Durante as diligências de investigação do primeiro processo, foram apurados "factos que consubstanciam a existência de outros crimes, pelo que foi extraída certidão pelo Ministério Público, que deu origem a um novo processo crime e a um outro Processo de inquérito por parte da IGAI", acrescenta a Guarda.

"Neste segundo processo, estão envolvidos sete militares do Destacamento Territorial de Odemira, em que três deles são reincidentes. Este é o processo que relata a investigação CNN e remonta a 2019".

Relativamente a este segundo processo, que decorre os seus termos no Ministério Público, segundo a Guarda, "dos sete militares arguidos, dois militares reincidentes encontram-se a cumprir pena de suspensão decretada por S. Ex.ª o MAI." "Os restantes cinco militares aguardam medidas sancionatórias, que são da responsabilidade de atribuição pela IGAI, entidade que tutela o processo de inquérito que ainda decorre", refere o comunicado da GNR.

"Nos últimos três anos, 28 militares foram objeto de medidas expulsivas da Guarda, o que revela o rigor e a transparência aplicados, perante os comportamentos desviantes que possam colocar em causa os valores e os princípios da Instituição", sublinha a força policial, acrescentando que tanto "a Guarda Nacional Republicana, [como] os militares que servem e que já serviram a Instituição não se reveem na conduta e nos comportamentos desviantes evidenciados, razão pela qual denunciou prontamente a situação, criminalmente e disciplinarmente, sendo que caberá ao Ministério Público e à IGAI as decisões sancionatórias dos comportamentos descritos."

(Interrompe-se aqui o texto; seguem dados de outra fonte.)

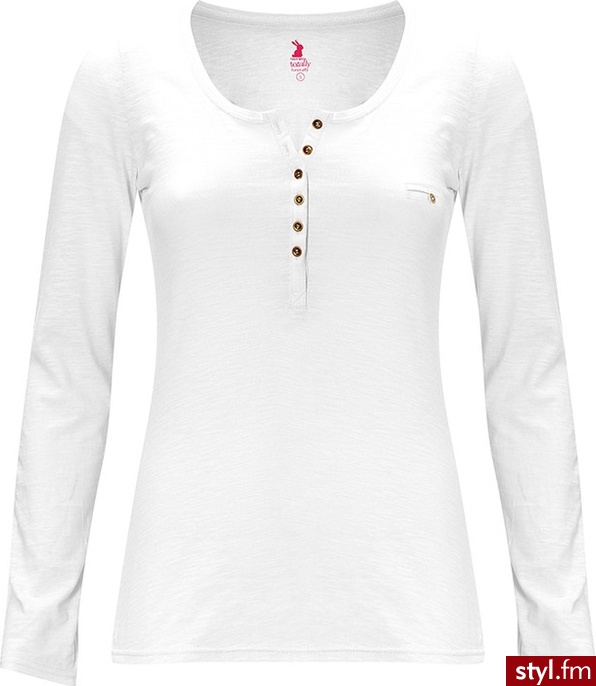 Bluzki Ciuchy Moda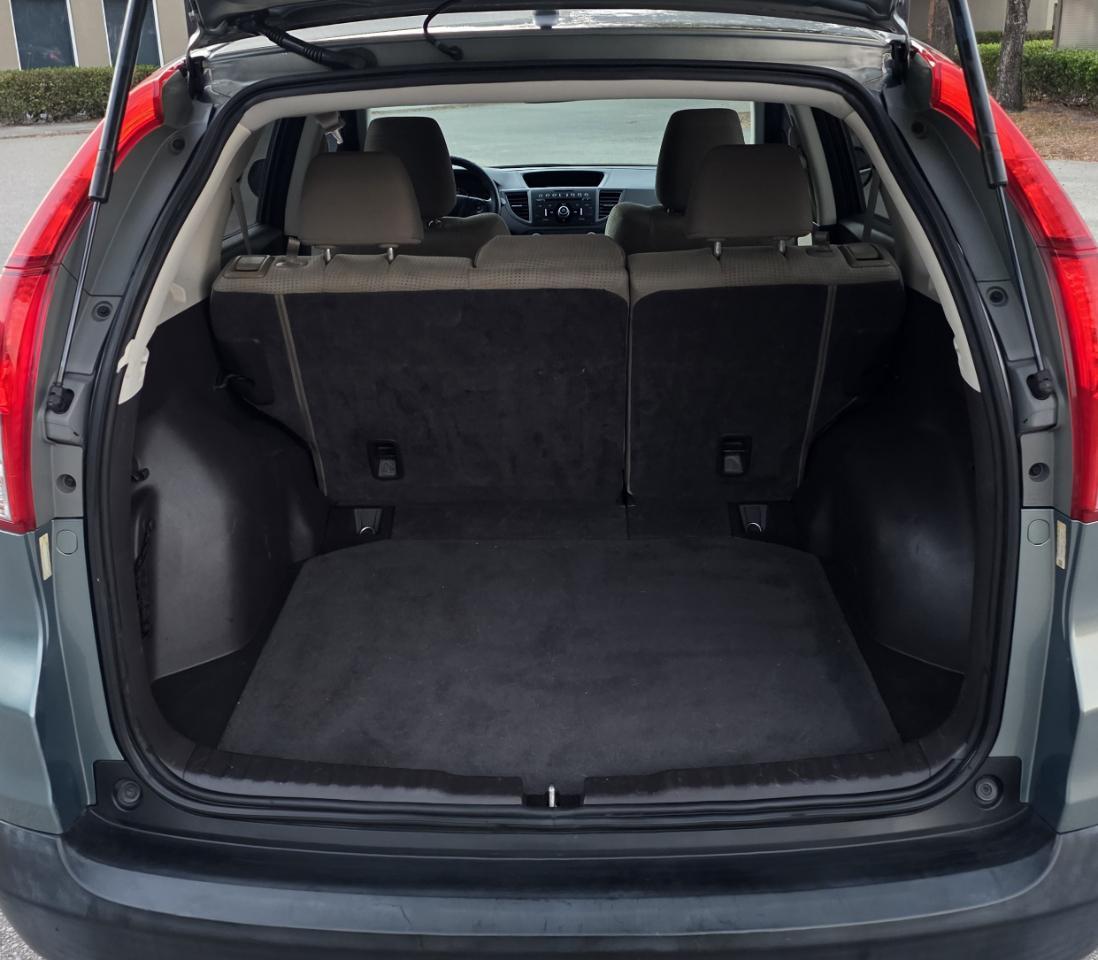 Honda Cr-V2Wd 5Dr Ex - Thumbnail 14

"A Guarda reafirma o seu compromisso de tolerância zero às diferentes formas de discriminação e desigualdades, sejam elas através do género, idade, orientação sexual, deficiência, raça, etnia, saúde, religião, nacionalidade, situação económica ou estrato social, pautando a sua atuação diária pela primazia da segurança e da salvaguarda de todo e qualquer cidadão", conclui o comunicado.